8.2 – The Cubs will not publicly disparage, abuse, or insult the business of any Rooftop or the moral character of any Rooftop or any Rooftop employee.
9.1 – The arbitrators shall be chosen as follows: each of the Cubs and the Rooftop shall nominate three individuals to serve as arbitrator. None of these persons may be an employee of the Cubs or any Rooftop nor have any financial interest in the Cubs or any Rooftop. The affected Rooftop will then choose one of the three individuals nominated by the Rooftop. The two individuals selected as arbitrators will then meet and choose a third arbitrator to complete the panel, which third arbitrator must be an independent, third party with no relationship to or interest in (including without limitation any related or unrelated financial or business relationship) the Cubs or any Rooftop. If the arbitrators cannot agree on a third arbitrator, then each Party’s arbitrator shall nominate one independent, third party who shall have no relationship or interest in (including without limitation any related or unrelated financial or business relationship) the Cubs or any Rooftop and who is not a current or former elected official or employee of the City of Chicago or any organization or entity who has received money form the Cubs or any Rooftop. The third arbitrator shall be chosen by lot from among those two individuals.
9.2 – In the event more than-one Rooftop is involved in a similar dispute related to this Agreement, the Parties may agree, but are not required to, arbitrate such dispute collectively.

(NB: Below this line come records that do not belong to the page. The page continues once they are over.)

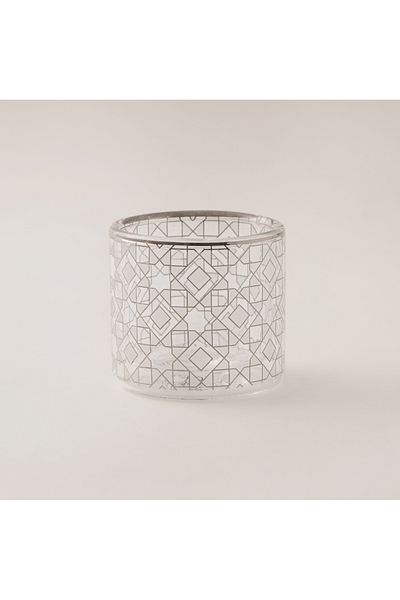 Dallaty Glass Coffee Cups Set 6Pcs, Silver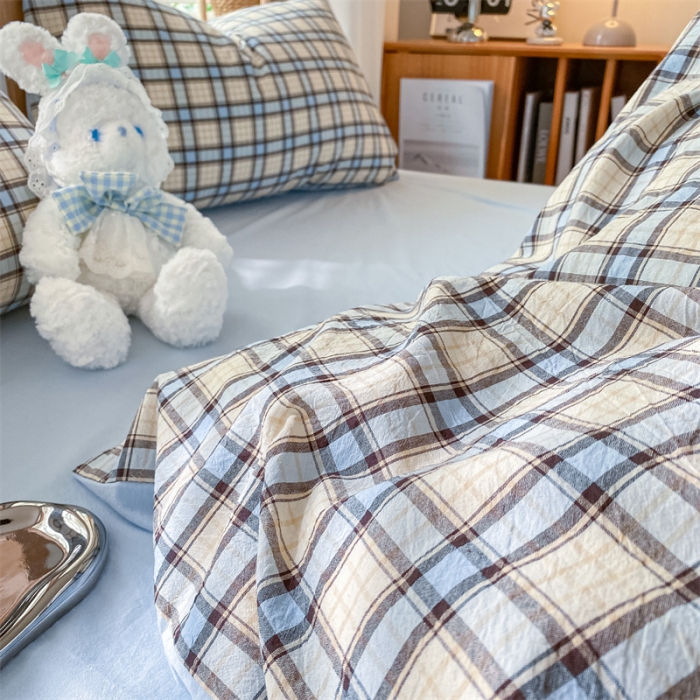 91家纺网 家纺一手货源 找家纺 蓝巢 2022新款全棉色织水洗棉四件套 瑞贝卡-兰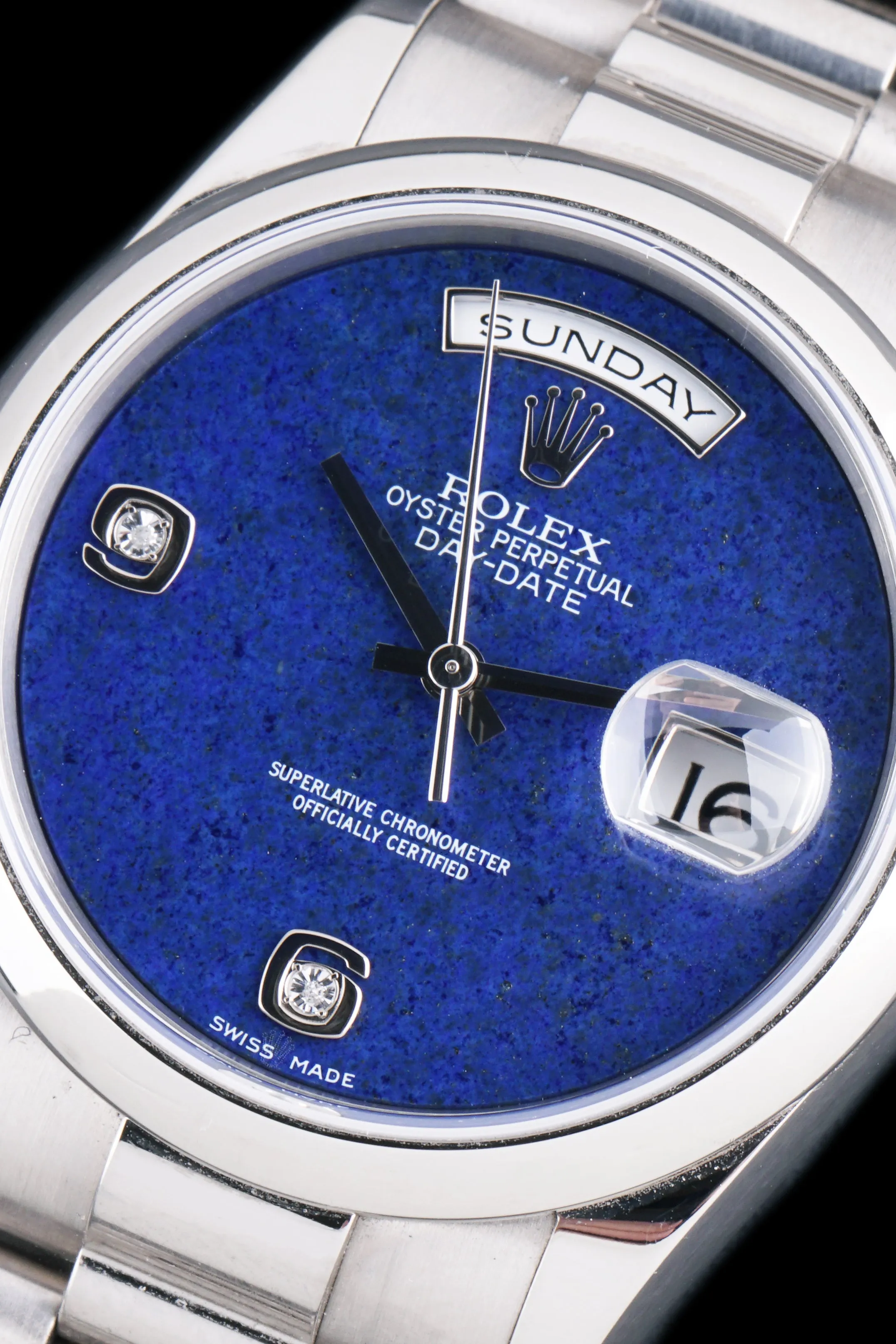 *Unpolished* 2010 Rolex Day-Date (Ref. 118209) 18k WG Lapis Dial W/ Box & Papers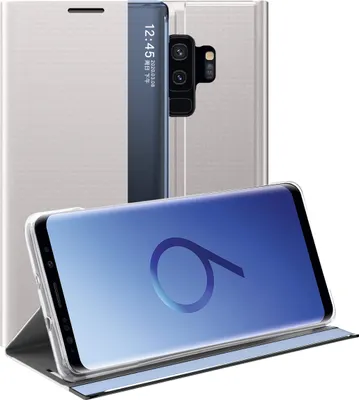 Produktbild von Galaxy S9 Plus Hülle, LaimTop Slim Flip Leder Smart View Window Klappetui Schutzhülle mit Standfunktion für Samsung Galaxy S9 Plus Silber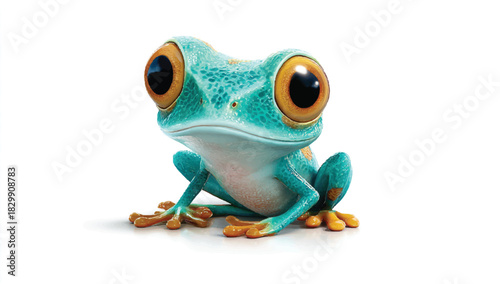 Adorable Blue Tree Frog Illustration with Big Eyes on White Background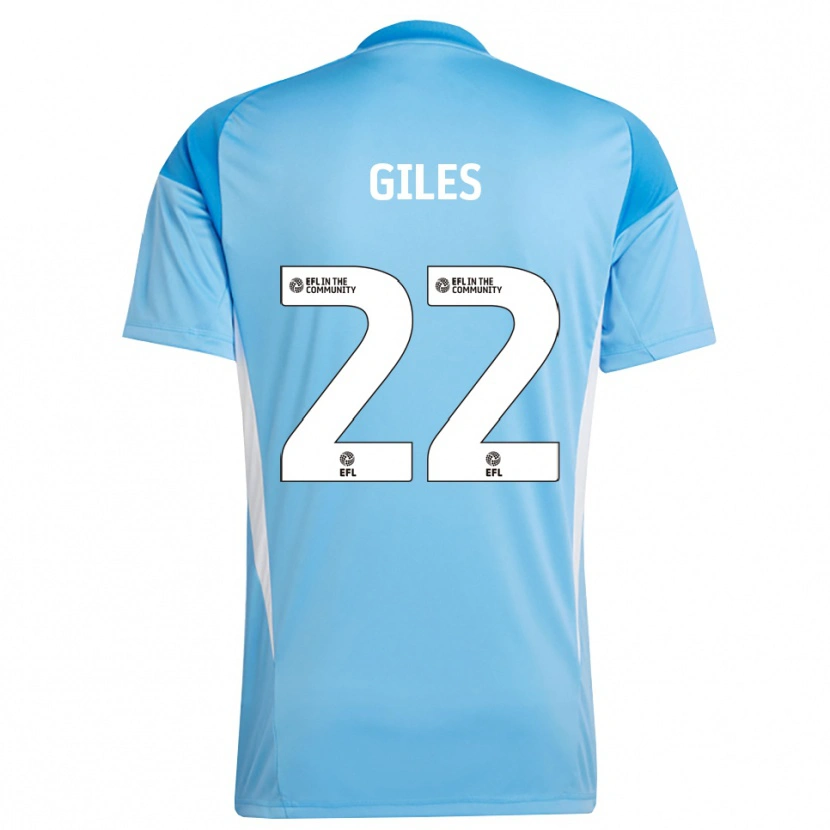 Danxen Niño Camiseta Olivia Giles #22 Azul Cielo Portero Equipación 2025/26 La Camisa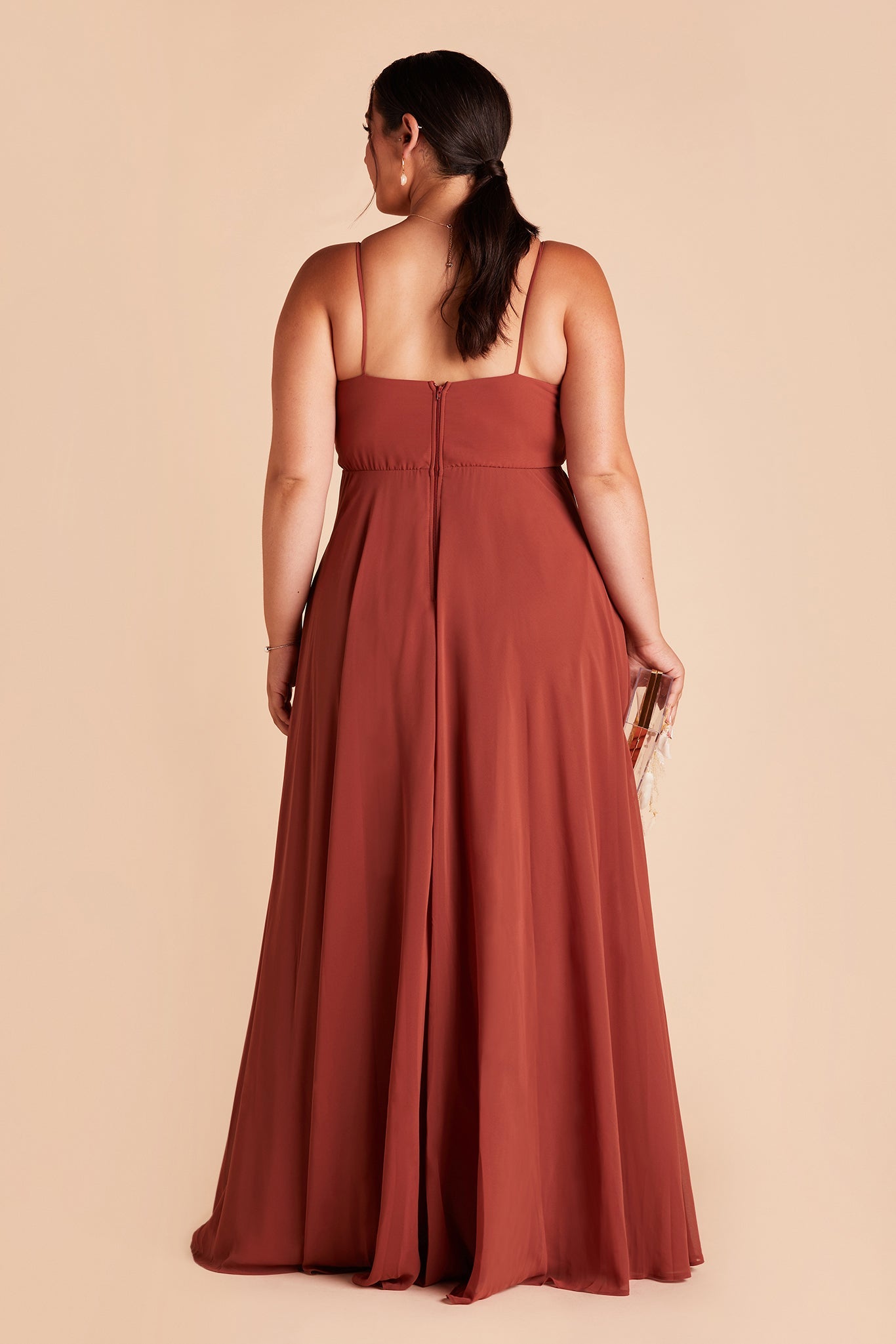 Flowy Bridesmaid Dress with Swooping Skirt | Kaia Dress - Spice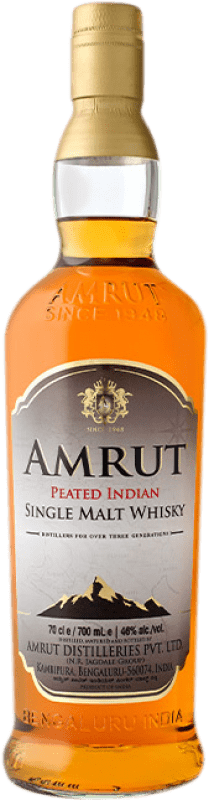 81,95 € Envio grátis | Whisky Single Malt Amrut Indian Amrut Peated Garrafa 70 cl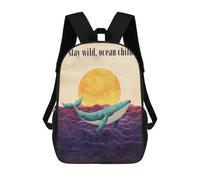 sinyumoney Mochila Escolar Stay Wild, Ocean Child Impresa En 3D Para Libros, Mochilas De Moda, Mochilas De Gran Capacidad, Mochilas De Viaje Para Niños
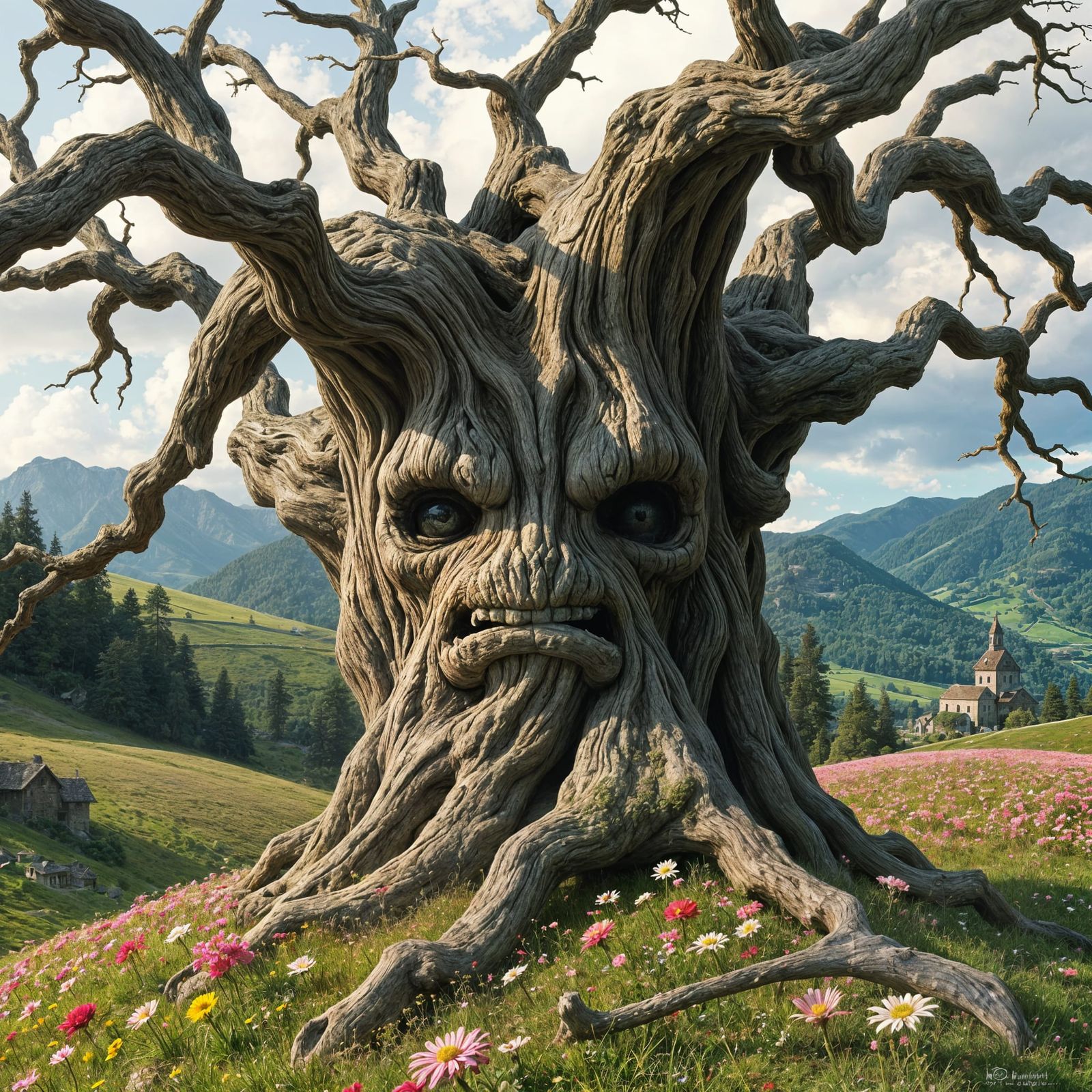 Enchanted Valley with Ancient, Face-Like Tree in Bloom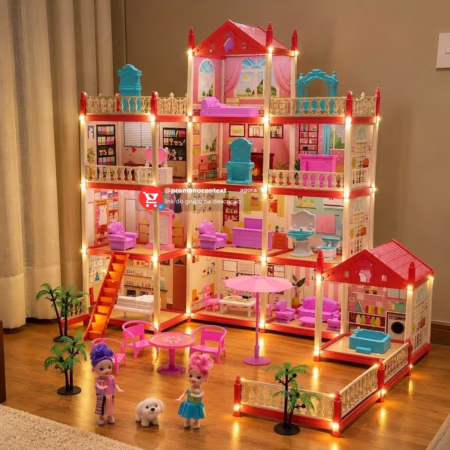 Casinha De Boneca Castelo Da Princesa c/ 4 bonecas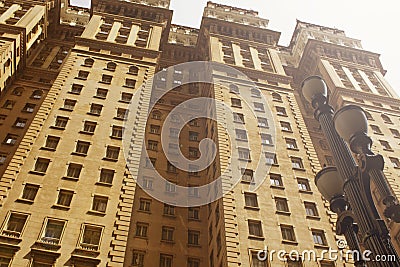 Martinelli Building. With 30 floors, was the first skyscraper in Brazil. Editorial Stock Photo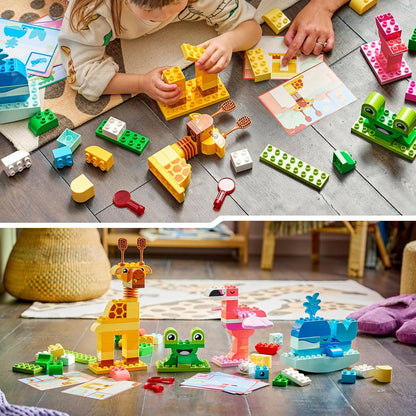 LEGO DUPLO Dierenbouwspel Bouwpakket voor Kinderen met Figuren en Kaarten - Educatief Speelgoed - Vormen en Kleuren Sorteren - Cadeau voor Jongens en Meisjes vanaf 3 Jaar - 10472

In such event, the affected Rooftops will agree on arbitrators pursuant to section 9.2 and collectively submit one set of choices to the Cubs.
9.3 – Each Arbitration decision shall be binding on the Parties to that Arbitration and, unless the Cubs and all Rooftops agree in advance of the decision, shall be binding vis-à-vis each other only.
9.4 – The losing party in the Arbitration shall bear the costs and fees of the Arbitration as well as the costs and fees of the prevailing party.
Document from the Chicago City Council
“Specifically, but without limitation, Applicant shall have the right to expand the Wrigley Field bleachers to install (i) a new video board in left field, which may include an LED sign, a neon illuminated sign above it and two light towers to assist in outfield lighting; and (ii) a neon sign in right field, which signage has been approved by the Commission on Chicago Landmarks and, in addition to being part of the bleacher expansion, and along with all other signage contemplated by this Planned Development, is integral to the expansion and renovation of Wrigley Field and the development and redevelopment of the Property as contemplated herein.”